--- Given data ---
⁂
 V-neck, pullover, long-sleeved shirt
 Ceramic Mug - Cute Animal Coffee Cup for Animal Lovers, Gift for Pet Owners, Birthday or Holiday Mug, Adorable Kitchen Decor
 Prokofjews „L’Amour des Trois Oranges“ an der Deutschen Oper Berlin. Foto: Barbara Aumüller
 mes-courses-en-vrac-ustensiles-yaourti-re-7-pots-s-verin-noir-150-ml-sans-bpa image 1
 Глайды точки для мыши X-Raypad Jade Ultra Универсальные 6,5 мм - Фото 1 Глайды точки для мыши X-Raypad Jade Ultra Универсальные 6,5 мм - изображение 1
⁂
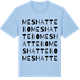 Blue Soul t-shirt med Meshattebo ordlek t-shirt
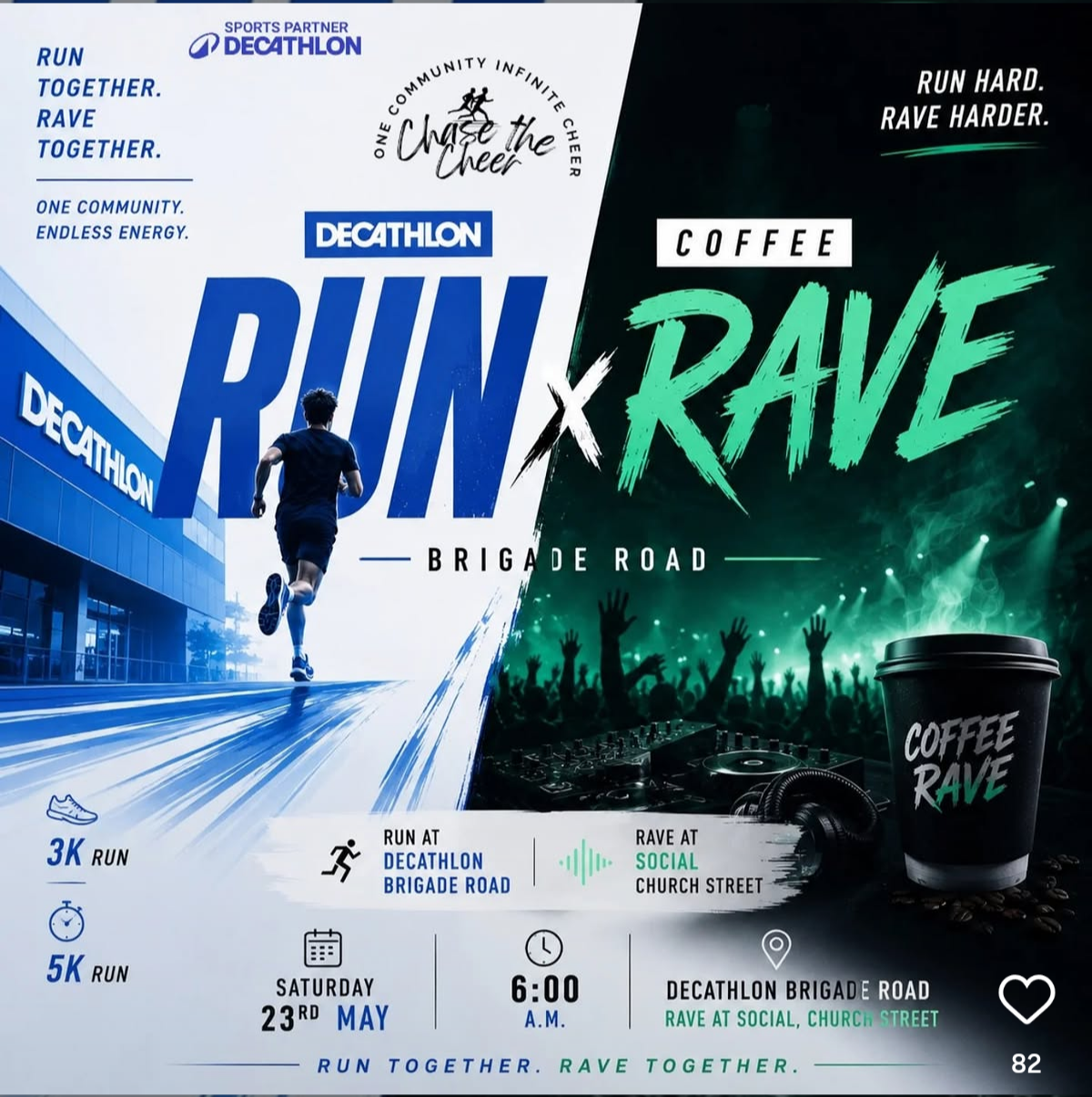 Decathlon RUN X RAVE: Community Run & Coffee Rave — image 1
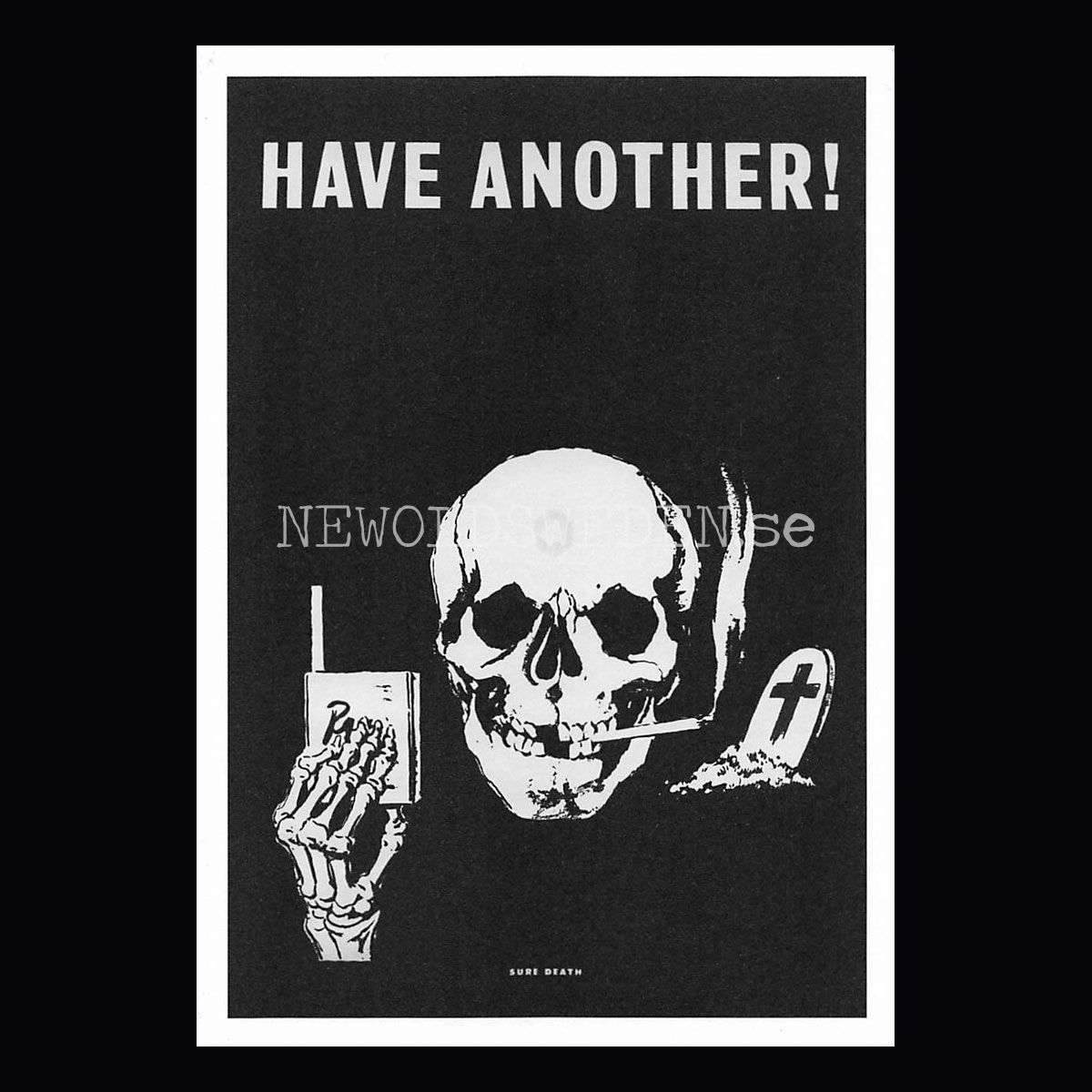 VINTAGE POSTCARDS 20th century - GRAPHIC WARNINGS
⁂
--- The problem ---
Write back the stretch of lines above that begins with the line holding "Blue Soul t-shirt" and ends with the line holding "VINTAGE POSTCARDS 20th", both included, exactly as written. Pictures stay out.

--- Your solution ---
 Blue Soul t-shirt med Meshattebo ordlek t-shirt
 Decathlon RUN X RAVE: Community Run & Coffee Rave — image 1
 VINTAGE POSTCARDS 20th century - GRAPHIC WARNINGS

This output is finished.